By the end of 1991, a metaphorical wall, the “Iron Curtain,” that had encircled much of eastern Europe since the conclusion of World War II, also dissolved into history. Like the Ming Dynasty and the Roman Empire, the Soviet Union was swallowed up by the inevitability of change.
Today, another leader demands a wall to protect an “empire” from “invasion.” As was true in Asia and in Europe centuries ago, so now in North America, it is imagined that hoards of invaders are crossing the border and endangering our homeland. The alarm has been sounded. We need a wall!
It is reported that when President Richard Nixon’s Secretary of State, Henry Kissinger, was asked if he thought that American world ascendency would last forever, the scholarly diplomat replied, “As a politician my answer is ‘Yes.’ As an historian, my answer is ‘No.’”
In the short term, a wall across the southern border of the United States might help resolve a current problem, but men and women not yet born are likely to look back upon it as but another failed effort to stem the tide of change.

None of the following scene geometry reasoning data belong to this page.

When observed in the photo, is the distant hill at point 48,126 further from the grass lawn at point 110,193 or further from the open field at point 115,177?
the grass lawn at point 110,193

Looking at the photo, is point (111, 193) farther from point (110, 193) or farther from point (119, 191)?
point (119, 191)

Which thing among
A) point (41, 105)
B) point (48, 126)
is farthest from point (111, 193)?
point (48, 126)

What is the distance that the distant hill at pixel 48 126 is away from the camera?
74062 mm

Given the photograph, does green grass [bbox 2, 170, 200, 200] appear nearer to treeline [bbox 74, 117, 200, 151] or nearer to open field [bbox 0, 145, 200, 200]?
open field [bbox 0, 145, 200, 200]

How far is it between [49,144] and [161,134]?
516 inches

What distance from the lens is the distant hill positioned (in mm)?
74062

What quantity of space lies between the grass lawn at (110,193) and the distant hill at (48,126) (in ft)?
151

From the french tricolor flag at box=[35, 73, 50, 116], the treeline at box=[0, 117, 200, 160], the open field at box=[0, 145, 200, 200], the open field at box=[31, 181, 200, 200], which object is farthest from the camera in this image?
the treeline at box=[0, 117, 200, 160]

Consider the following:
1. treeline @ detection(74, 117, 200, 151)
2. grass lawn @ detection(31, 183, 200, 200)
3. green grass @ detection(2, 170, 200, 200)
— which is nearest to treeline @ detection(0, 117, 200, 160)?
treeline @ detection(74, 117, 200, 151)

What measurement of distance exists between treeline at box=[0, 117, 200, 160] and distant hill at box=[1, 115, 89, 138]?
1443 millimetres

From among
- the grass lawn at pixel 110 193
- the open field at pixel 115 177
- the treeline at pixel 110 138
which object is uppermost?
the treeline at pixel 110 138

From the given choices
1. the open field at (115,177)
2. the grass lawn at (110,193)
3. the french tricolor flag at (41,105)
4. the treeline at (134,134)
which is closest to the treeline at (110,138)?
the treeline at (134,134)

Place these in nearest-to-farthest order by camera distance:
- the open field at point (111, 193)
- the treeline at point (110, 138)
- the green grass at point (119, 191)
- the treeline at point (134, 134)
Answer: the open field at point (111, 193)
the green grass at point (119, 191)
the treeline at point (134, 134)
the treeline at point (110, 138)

The world continues to be transformed. Perhaps on a cool morning in the 22nd century, a tourist will jog along an abandoned remnant of a wall in Arizona, unaware of the passion with which his ancestors argued over its construction.
Can not a leader step forward now, and echoing President Reagan’s challenge of three decades ago plead with our president, “Mr. Trump, don’t build that wall!”
William F. Powers, a retired Professor of Sociology, lives in Chapel Hill.